Question: How can implement a low pass filter with this PWM signal?
Reason THe fan won't start and with PWM the Fan makes a high pitch whine so an LPF was designed to reduce the voltage ripple and noise on the fan.
Actual problem: The fan has a quality defect in the resting magnetic pole positions (4) and one or all of these resting positions has a Hall sensor located inside the fan to tell the internal drivers which winding to apply positive rotation voltage, current, torque and thus spinup. If the Hall Sensor detects it should be the negative phase magnetically and the motor applies a negative differential winding current (full bridge) it tries to go backwards and immediately the Hall sensor switches saying the wrong polarity and the driver reverses and tries to go forward, then Hall sensor flips thus the fan either dithers back and forth around the resting position or makes little or no motion while oscillating internally with hysteresis.
Proof of concept
The sanity test is if you use your finger to start the fan and it works it proves that it is the Fan Hall-commutation at fault.
THIS a common fault to ALL BLDC Hall sensor fans that is avoided by careful design, QA Process control and Life Tests. Heat and PM magnetic ageing effects can shift this commutation margin which is normally << 1 degree of rotation.

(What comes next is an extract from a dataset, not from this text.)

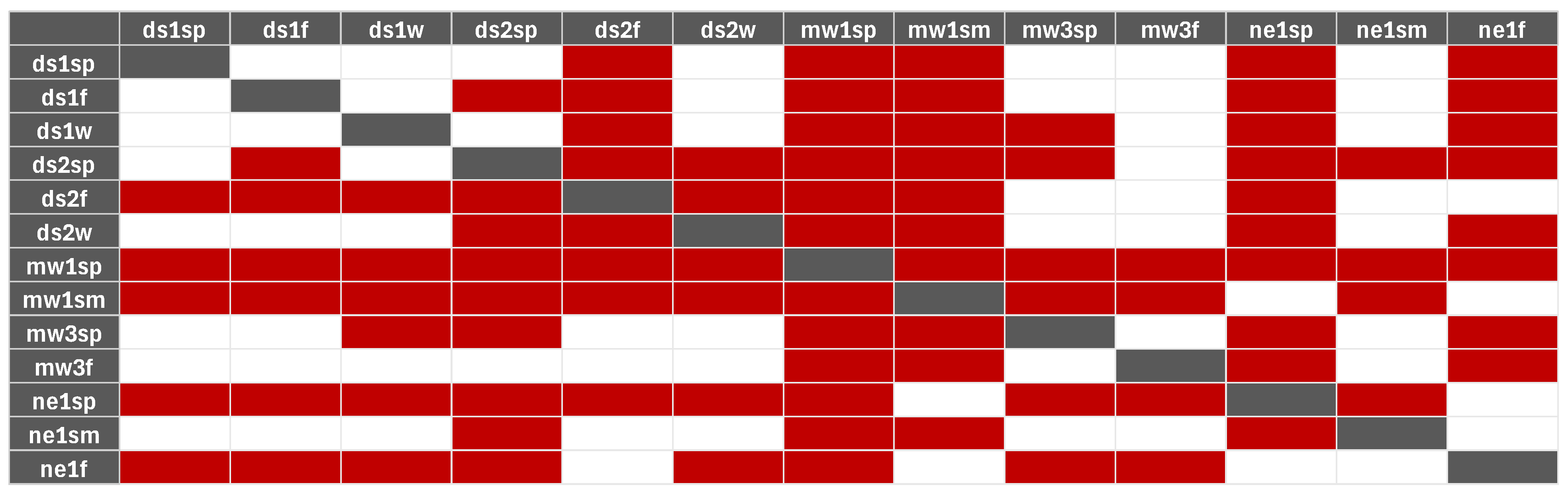 Diversity 18 00095 g0a1 Diversity 18 00095 g0a1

Even the best of them Nidec et al, have failed at least once in my career with 1% yield loss. It can be fixed by the OEM but not the user. As a Test and Design Engineer for 30yrs, I knew exactly how to design a go/nogo start-stop test in 60 seconds so that our Incoming Inspect could screen fans and sent the same logic timer FET circuit to OEM fan supplier (Nidec) and another in Korea to correct their QA issues with Hall position error. The error is less than 1 deg in locating the ideal Hall position just after the magnetic top dead center (TDC) of the magnetic resting position. My test was Pulse just long enough to spin then power off long enough to stop. Optimize timer for 20 start-stops in 60 seconds and gang test 20 fans at a time for a 60 test. Repeat for 100 fans minimum as these issues can escape final test if 1% failure rate means only 1 of 100 start stops fails in 1 of 4 Hall sense positions.
My experience was 10 fan fails reported in Production for a 1k system rate. (99% yield) After Fan fail analyzed and start-stop test implemented yeild 100%
If 1 fan failed my 180W power supply could have overheated and shutdown in the field . This was avoided by proactive Test Engineering.

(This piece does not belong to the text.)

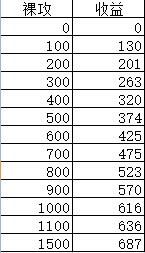 侠客风云传碧血丹心DLC伤害计算及收益分析 侠客风云传碧血丹心DLC伤害计算及收益分析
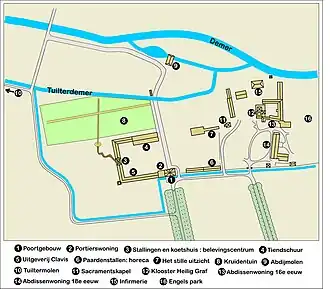 Situatieplan abdij van Herkenrode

This is analogous to an internal combustion engine that sparks too early and backfires.
Assumption: PC style 12V fan 1.2 to 3W but applies to all DC fans using Hall sensors.
Solution: Change fans to one that works.
For those reading this that design for high volume or want to understand from an EE perspective.
Disqualify the supplier with the above explanation and get them to perform Deadspin start/stops with a test jig as I have done in my career. simple counter pulses start the motor for <1/10th second every 3 seconds to allow short ramp-up in speed then spindown and perform 20 start-stops in 1 minute to check all 4 random stop positions of the magnetic poles.
Fan Model: e.g. 12V 1.5A = . Current rises linearly up to 4V or so then fan starts spinning and then current rises linearly when slowly rising to 12V thus the fan behaves like a linear load resistor above stall speed. However the internal commutation mixed with any PWM causes Intermodulation CUrrents that causes high surge currents in the internal fan Cap and high winding currents create a high whining audio noise due to the IM frequency of Fan speed and PWM speed square wave harmonics xF2-yF1= for harmonics x,y = Δf in the audio range as a high pitch whine from a tweeter.
Fan equivalent load 12V/1.5A = 8 Ohms
LPF should be lossless using LC LPF. not an RC with 10 Ohms in series with 8 Ohm load unless half RPM speed is OK.
PWM at 50% causes 10R series to become 20R since infinite R when Open and 10R when closed ( using low RdsON MOSFET)
Analyze present design:
PWM assuming from 50% to 100% = 4V(stall speed voltage) to 12V avg.
Series R switched Requiv= R/PWM duty% = 20 Ω to 10 Ω
LPF filter attenuation = load /(load + Rs) for Rs from 20 to 10 Ω
using KVL, Vout = 8Ω/28Ω *12V = 2.5V @ 50% PWM and 8/18 * 12V = 6.4V
This yields a variable speed form 0 to 50% approx full speed.
THe breakpoint for the LPF is around 3.7kHz with 20 dB ripple attention ( 1/10th) at 35kHz.
A better LPF can be made if desired that has less loss and more RPM.